## What you will do:
Copy out the data from the line containing "These are the" to its last line, exactly. No pictures.

(Stored items)
<<<<

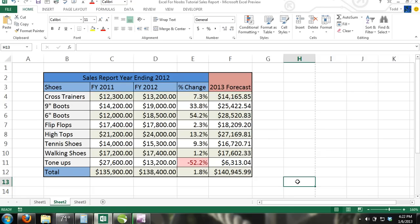There are different ways to insert charts in Excel. The most common way is to select the data range and then pick the type of chart that best represents your data.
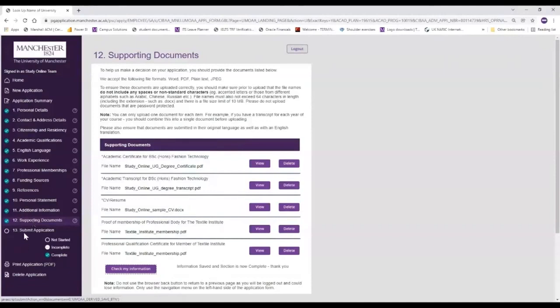Now that we have completed all 12 sections of the application form, you can see here that the submit application button is available to us. You will just select that and be prompted on screen to submit your application. If you do have any problems at any point, you can also contact us through studyonline@manchester.ac.uk, where your dedicated course advisor will be happy to help. So that is basically our application portal - we've walked you through the steps that you would take to submit an application. We can now open up to any questions that you might have about submitting applications or anything that wasn't covered by what we've just shown.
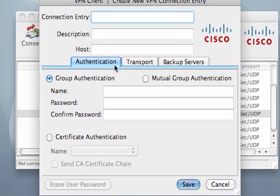Now, this profile is assuming that the firewall has been properly configured and we're using radius authentication. The connection entry should have been supplied to you by your administrator as well as the host, the name and password.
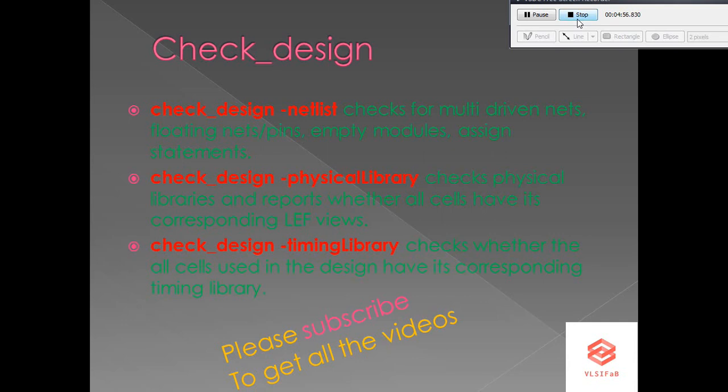These are the sanity checks we have discussed. Please like, share, and subscribe to the channel VLSI Fab. We will be discussing these topics in more detail in our upcoming videos.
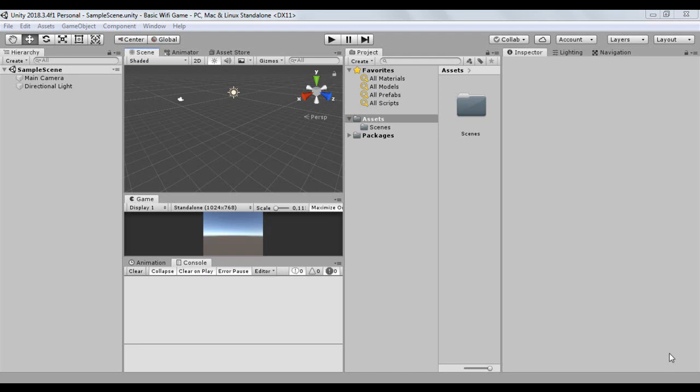Hello, welcome to another Unity networking tutorial. Today we will learn how to create a simple local multiplayer application via Wi-Fi. To create this application we will use the asset Basic Wi-Fi Local Multiplayer.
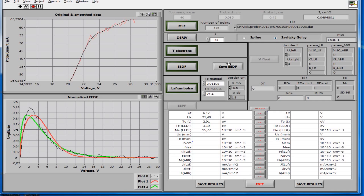Save the data of the distribution function to a file by pressing the EEDF button.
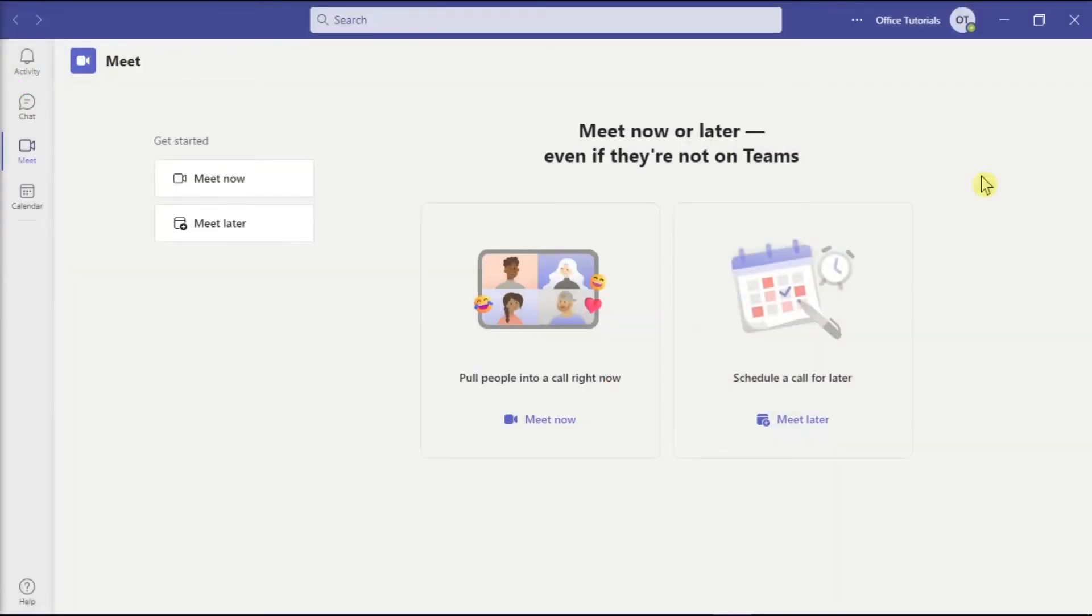Microsoft Teams offers file storage, chat, and voice calling with Office 365.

>>>>

## Answer for this exercise:
These are the sanity checks we have discussed. Please like, share, and subscribe to the channel VLSI Fab. We will be discussing these topics in more detail in our upcoming videos.
Hello, welcome to another Unity networking tutorial. Today we will learn how to create a simple local multiplayer application via Wi-Fi. To create this application we will use the asset Basic Wi-Fi Local Multiplayer.
Save the data of the distribution function to a file by pressing the EEDF button.
Microsoft Teams offers file storage, chat, and voice calling with Office 365.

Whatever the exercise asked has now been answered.